I should add that this discussion shows the hostility of many on the left to religion as a whole (even among those who admit to holding some ideas on a "faith-plane") which is a major problem we liberals have in communicating with a nation that is largely religions (regardless of church attendance figures. those irk me, I mean, what's the 'attendance' standard for an atheist, so I can measure his sincerity?)
RBR, the basis of democracy is majority rule. That's what it means. Minority rights must also be respected. Those are the basic pillars of our democratic system.
I urge that it is folly in a religious country to refuse to engage the religious right on any terms other than secularism. This is not an attempt to stifle dissent or a claim that religion is privileged as a majority to "rule." It's a means of communication and engagement in a language people understand. I thought that was 100% clear. I guess not. If progressives refuse to admit religious people into their ranks, we will lose every election. If we refuse to engage them on their own terms, preaching atheism only, we will lose every election. And why do that? Good people do believe in God too, you know.
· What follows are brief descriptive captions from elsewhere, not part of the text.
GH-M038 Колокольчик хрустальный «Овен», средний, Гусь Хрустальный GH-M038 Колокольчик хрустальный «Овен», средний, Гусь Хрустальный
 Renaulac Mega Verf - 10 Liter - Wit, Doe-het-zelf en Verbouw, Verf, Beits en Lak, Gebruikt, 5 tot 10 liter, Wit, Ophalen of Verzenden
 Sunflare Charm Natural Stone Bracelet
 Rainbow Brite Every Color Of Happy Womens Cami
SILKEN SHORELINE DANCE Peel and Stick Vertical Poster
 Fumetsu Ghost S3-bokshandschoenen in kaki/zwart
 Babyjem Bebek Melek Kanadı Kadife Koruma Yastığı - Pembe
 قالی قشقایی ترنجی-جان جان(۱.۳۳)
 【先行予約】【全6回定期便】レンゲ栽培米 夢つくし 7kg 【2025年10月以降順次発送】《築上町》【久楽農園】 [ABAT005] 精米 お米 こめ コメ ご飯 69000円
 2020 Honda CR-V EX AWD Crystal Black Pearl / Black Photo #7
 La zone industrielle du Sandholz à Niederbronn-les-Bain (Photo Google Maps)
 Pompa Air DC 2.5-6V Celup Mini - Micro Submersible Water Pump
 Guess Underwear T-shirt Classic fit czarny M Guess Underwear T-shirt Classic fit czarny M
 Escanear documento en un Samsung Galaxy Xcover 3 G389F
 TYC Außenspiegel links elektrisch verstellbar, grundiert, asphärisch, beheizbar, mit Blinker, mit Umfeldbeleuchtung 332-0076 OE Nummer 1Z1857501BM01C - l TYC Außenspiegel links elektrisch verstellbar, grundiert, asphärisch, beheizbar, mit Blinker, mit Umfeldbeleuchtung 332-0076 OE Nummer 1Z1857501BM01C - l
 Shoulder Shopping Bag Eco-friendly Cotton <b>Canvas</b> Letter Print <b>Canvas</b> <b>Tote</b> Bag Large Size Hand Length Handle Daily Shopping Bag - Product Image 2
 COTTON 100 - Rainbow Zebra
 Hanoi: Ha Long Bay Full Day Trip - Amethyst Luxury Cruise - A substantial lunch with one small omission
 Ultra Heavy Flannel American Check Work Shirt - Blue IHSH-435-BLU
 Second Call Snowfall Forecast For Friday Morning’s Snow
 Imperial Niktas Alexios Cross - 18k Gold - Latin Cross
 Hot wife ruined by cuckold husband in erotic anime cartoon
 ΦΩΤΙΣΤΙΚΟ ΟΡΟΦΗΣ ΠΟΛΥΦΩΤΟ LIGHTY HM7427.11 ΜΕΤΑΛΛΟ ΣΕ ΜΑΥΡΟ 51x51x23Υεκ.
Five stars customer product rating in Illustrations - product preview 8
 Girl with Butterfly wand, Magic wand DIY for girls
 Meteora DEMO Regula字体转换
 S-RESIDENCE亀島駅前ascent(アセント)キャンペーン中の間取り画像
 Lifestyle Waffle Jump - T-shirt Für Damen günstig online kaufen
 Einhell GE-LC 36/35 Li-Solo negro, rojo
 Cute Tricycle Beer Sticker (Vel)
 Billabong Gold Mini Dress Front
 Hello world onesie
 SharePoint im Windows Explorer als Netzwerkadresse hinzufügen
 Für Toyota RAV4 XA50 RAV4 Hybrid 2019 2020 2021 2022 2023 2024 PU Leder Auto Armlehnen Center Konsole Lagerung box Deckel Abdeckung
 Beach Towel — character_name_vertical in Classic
I suggest that the only person on this blog eager to send anyone to the camps is the one who demands that anyone who believes in God be removed from the public sphere. Now, it's 4:55am and I have to get back to sleep, so I can get ready to start oppressing again.
Wait, not quite done oppressing for the night.
I'm waiting breathless to hear from Dr. S. how reason and observation lead to the conclusion that one should never rat out the other in the prisoner's dilemma. This is gonna turn game theory on its head!
// posted by LTG
In an earlier comment, LTG spoke of the "belief that something is unconditionally important" or "of ultimate importance" was the beginning of religious thought. And when I said that I did not have "absolute, unconditional, or infinite" faith in anything, I was trying to reference that prior statement of LTG. I was trying to express a difference between us in how we view things.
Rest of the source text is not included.